Fransa’da cumhurbaşkanlığı seçimleri sadece siyasal akımlar arasında bir rekabet ve mücadele anlamına gelmiyor. Seçim kampanyaları sırasında yapılan hatalar ve elde edilen sonuçlara göre parti içi tartışma ve çatışmalar da körükleniyor. Nitekim Le Pen’in başında bulunduğu Ulusal Cephe'de, bir taraftan seçim sonuçları “tarihsel bir başarı” olarak nitelenirken, diğer taraftan parti içinde bazı tartışmalar da başladı. Parti içindeki en önemli tartışma, Kuzey ve Güney kanadı olarak bilinen taraflar arasındaki mücadele: Güney kanadı için Ulusal Cephe'nin misyonu, göç ve İslam tartışmaları etrafında dönen bir kimlik meselesidir. Bu kesime göre yeni seçmenler sağ bir parti profiline ilgi duymaktalar ve bu kitle ancak göç ve İslam karşıtlığı üzerinden kazanılabilinir. Kuzey kanadına göre ise asıl mesele ekonomi, korumacılık ve AB'dir. Parti ne sağa ne de sola prim vermeden, ülkede yeniden ipleri ele almalıdır. İlkinde göç-islam karşıtlığı önemliyken, ikincisinde AB karşıtlığı daha temel bir meseledir.

Ulusal Cephe içindeki anlaşmazlık sadece seçim temaları ve temel politikalardaki eğilimler hakkında değil, aynı zamanda seçim sürecinde izlenen stratejileri de içeriyor. Parti içindeki eleştirel bir kesim, Le Pen’in saldırgan tutumlarının partinin imajına zarar verdiğini ve seçmenler üzerinde olumsuz etki yaptığını düşünüyor. Le Pen’in özellikle son günlerde Macron’a karşı yürüttüğü sert muhalefet, Ulusal Cephe’nin oylarında gerilemeye yol açmıştı.

Bu tartışmalarda Le Pen ailesinin nerede durduğu daha kritik bir mesele olarak görünüyor. Çünkü Le Pen ailesi, Kuzey ve Güney kanadı arasında bölünmüş durumda.
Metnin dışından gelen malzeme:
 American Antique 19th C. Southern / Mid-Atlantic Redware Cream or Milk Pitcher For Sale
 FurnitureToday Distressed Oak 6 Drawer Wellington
Parti lideri bayan Le Pen Güney kanadının başını çekerken, onun karşısındaki Kuzey kanadında teyzesi ve parti stratejisti Florian Philippot yer alıyor. Eski lider ve dede Jean-Marie Le Pen ise Kuzeye karşı Güneyi destekliyor ve son seçimlerdeki kayıplardan Philippot’u sorumlu tutuyor.

- Aşırı sağın “tarihsel başarısı” Macron'u da etkiler

Parti içindeki tartışmalar önemli olmakla birlikte, şu an için ipler Güney kanadının elinde ve bayan Le Pen arkasına dedesinin de desteğini alarak direneceğe benziyor. Seçim sonrası yaptığı “tarihsel başarı” değerlendirmesi tüm kesimler tarafından paylaşılıyor. Aşırı sağ bir partinin yüzde 34 oranında oy alması, hem Fransa tarihinde hem de Avrupa’da bir ilk sayılır. Bu oran, 10 milyon seçmen anlamına geliyor. Tıpkı Hollanda’da olduğu gibi, ama daha güçlü bir şekilde, Fransa’da aşırı sağcı ve İslam karşıtı bir parti ana muhalefet partisi haline geldi. Avrupa demokrasisinde ana muhalefetin her zaman hesaba katıldığı dikkate alınırsa, izlenen politikalar ondan bağımsız şekillenmeyecektir. Macron eğitim politikalarında göçmenlerin entegrasyonuna büyük bir vurgu yapmakla ve güvenlik alanındaki önlemleriyle aşırı sağa göz kırpacak, aşırı sağ seçmene “sizin istediklerinizi de biz yağacağız” mesajını verecektir.